E fece una terza settimana a livello dei migliori con il 14°posto conclusivo figlio dei minuti persi in una sfortunata caduta giù dal colle del Sampeyre provocata dall’”amico-rivale” Stefano Garzelli.

Un finale di Giro entusiasmante che fece scattare l’idea a Felice Gimondi, fuoriclasse degli anni Sessanta e Settanta del pedale italico e ultimo vincitore italiano del Tour de France prima di Pantani (e fu proprio Gimondi ad alzare il braccio del trionfante romagnolo a Parigi il 2 agosto 1998).

Il campione bergamasco, da responsabile dell’attività sportiva della Bianchi, storica azienda di biciclette milanese, aveva da poco promosso un’importante iniziativa: sostituire la Coast come sponsor principale della squadra tedesca nella quale militava Jan Ullrich per consentirgli di proseguire la stagione e conseguentemente partecipare al Tour.

E allora, pensò Gimondi, perché non far svincolare Pantani dalla Mercatone Uno e farlo firmare con la Bianchi dall’1 luglio 2003 in maniera da costituire una coppia da sogno con il vecchio rivale del 1998 e impensierire seriamente sua maestà Lance Armstrong?

Pantani era entusiasta dell’idea che andava giorno dopo giorno concretizzandosi. Idea troppo bella…per essere vera. A metà giugno non si raggiunse l’accordo economico ma un altro “vecchio amico” era pronto a bussare alle porte del campione di Cesenatico: Imerio Tacchella.

Patron della Carrera Jeans, sponsor della prima squadra professionistica di Pantani, Tacchella il 20 giugno 2003 annunciò il ritorno dell’azienda veronese nel mondo del ciclismo affiancando come sponsor la Banesto di Eusebio Unzue a partire dal 1 luglio.

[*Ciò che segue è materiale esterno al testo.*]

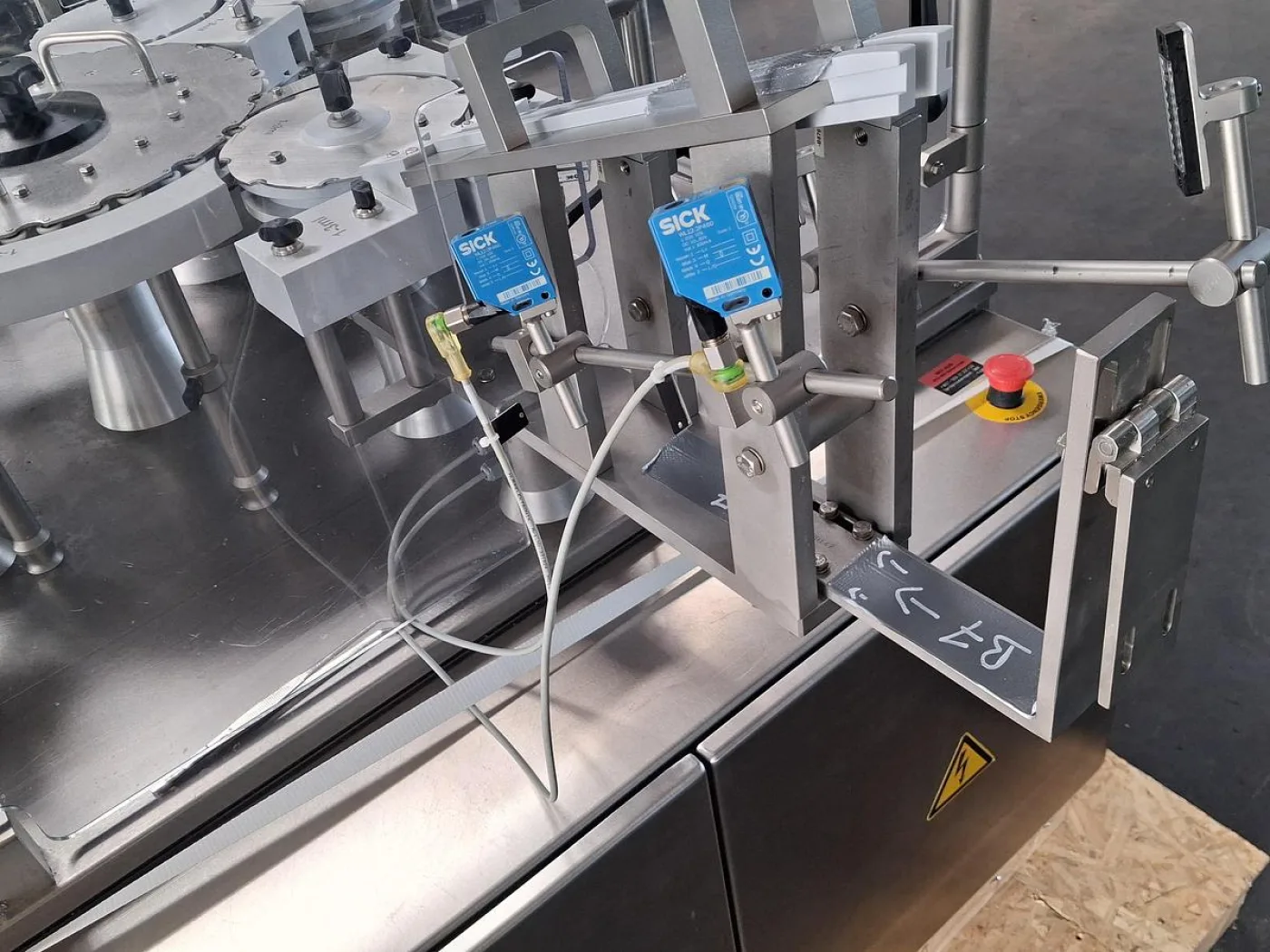 Inova Pharma Systems ESK321 Etikettier- und Rundtaktsystem - 6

E allora vuoi vedere che…? Risposta esatta. Il 23 giugno 2003, con un laconico quanto atteso comunicato stampa, la Banesto-Carrera annunciava l’ingaggio semestrale di Marco Pantani, che poteva dunque partecipare al Tour del Centenario.

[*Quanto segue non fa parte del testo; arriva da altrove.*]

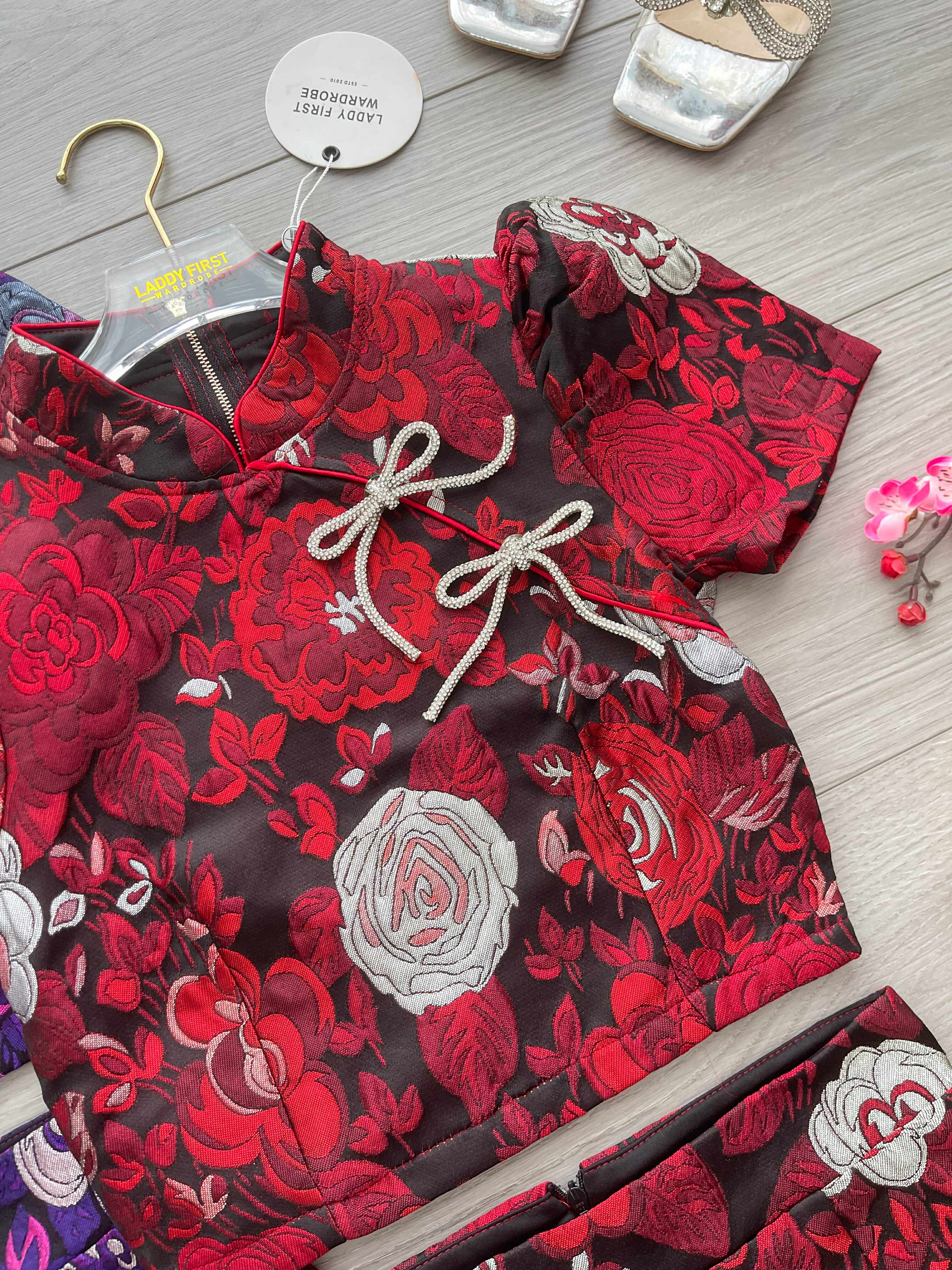 【SS8235301】【LFW独家小圆饼】高品质两件式高端气质精致水钻蝴蝶结点缀绣花提花旗袍套装 立领短袖提花旗袍上衣➕A字提花高腰裙子 ❤️❤️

L’accordo venne trovato facilmente. La neonata compagine ispanico-italiana garantì al Pirata quello che la Bianchi rifiutò di fare. Soldi? No. Almeno non direttamente.

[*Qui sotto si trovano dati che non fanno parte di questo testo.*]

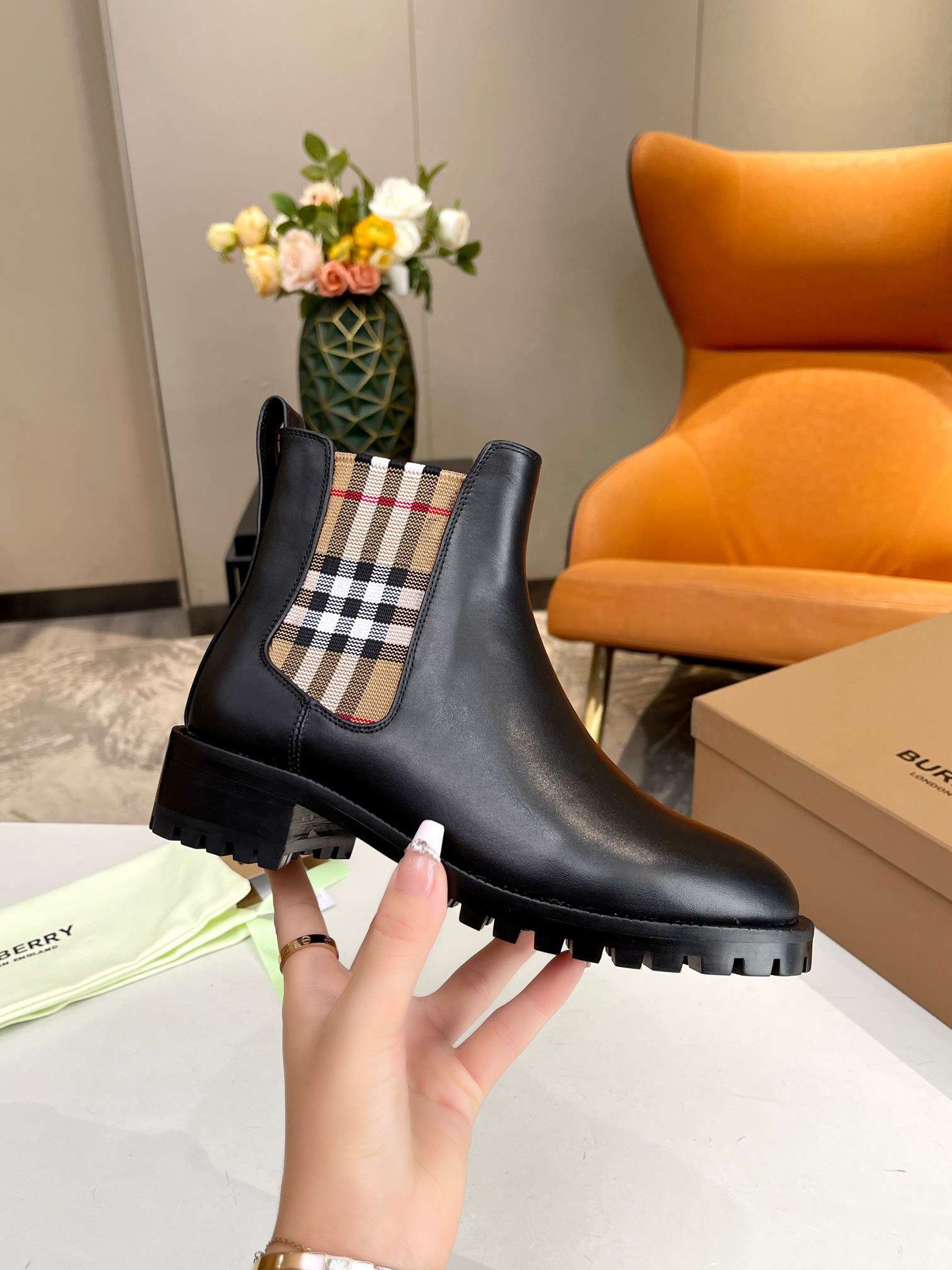 BURBERRY Chelsea Martens Boots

Avendo un cuore grande, Pantani fece mettere sul suo contratto una clausola particolare: la Banesto-Carrera garantiva a tutto il personale della Mercatone Uno un contratto per il 2004 in caso di dismissione di questa compagine.

Ottenuta questa garanzia, Pantani diede il via libera all’operazione, pronto a dividere i galloni di capitano della compagine con lo spagnolo Francisco Mancebo. E quindi il 3 luglio mattina arriva a Parigi con la sua nuova squadra.

Dopo essersi acquartierato, Pantani nel pomeriggio fece una sgambata veloce e, rientrando nella hall dell’albergo, trova Leblanc. “Marco, mon ami, comment ça va?”, fa il patron.

Comment ça va un paio di p…e”, fa il Pirata velocemente tra i denti, prima di esibire un laconico e freddo “Bien, je suis ici”! Sì, caro Leblanc, Pantani è a Parigi. Pantani è al Tour.